В кафе мы пришли, совсем замёрзнув и даже промокнув — начался дождь. Несильный, но мерзкий и противный, который холодными каплями скатывался с волос под одежду, не доставляя никакого удовольствия при этом. Я с облегчением снял куртку, кинул её на спинку свободного стула и сел на соседний. Гошка — напротив меня. К нам довольно быстро подошла официантка, и мы сразу сделали заказ: я — кофе, Гошка — всё-таки чай.
— Не очень люблю кофе, — сказал он, когда девушка отошла от нас. Официантка была симпатичной, если объективно, да ещё и бёдрами виляла дай бог, потому я невольно проследил за взглядом не определившегося в ориентации Гошки, но он не смотрел ей вслед. Хотя даже я не удержался и взглянул.
— А что любишь? — спросил я, заинтересовавшись. Всё-таки о Гошке я почти ничего не знал, кроме того, что он девственник с большим членом.
— Чай. Зелёный. С мелиссой, — раздельно проговорил Гошка. И замолчал. Видимо, решил, что мой вопрос касается только выбора напитков.
Я чуть задел его ногу под столом, привлекая внимание, Гошка поднял на меня взгляд и вопросительно выгнул брови.
— Я вообще имел в виду, — сказал я.
— В смысле?
Так и хотелось сказать любимое светкино «в коромысле». Оно постоянно просилось на язык, когда Светки рядом не было.
— В смысле, что не только про чай рассказывай. А вообще про всё. Про книжки там, фильмы. Может, ты детей убиваешь по ночам и кайф от этого получаешь. Тоже рассказывай. Только тогда уже по дороге в полицию.
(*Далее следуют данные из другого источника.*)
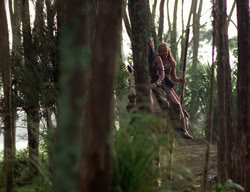 extant_XenaWarriorPrincess_3x06-TheDebt_1230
Гошка несколько секунд смотрел на меня с непониманием. И я представлял его замешательство. Если б мне так сказали, я б вообще, может, по морде врезал за излишний интерес к моей персоне. Но Гошка неожиданно заговорил. Затараторил даже, словно всю жизнь ждал этого вопроса и зубрил текст.
За следующие пятнадцать минут я узнал, что Гошка любит Пелевина и Лукьяненко — он что-то говорил ещё про Брэдбери, или Вербера, или даже Бегбедера, а может, вообще про всех сразу, это я уже не отследил, — а также боевики девяностых (я ещё про себя хихикнул, глядя на его ёжик на голове) и, что неожиданно, документальное кино. Интересы у нас были совершенно разные. Даже еда разная нравилась: Гошка любил супы, я их терпеть не мог, зато обожал жареную картошку, от которой плевался уже Гошка.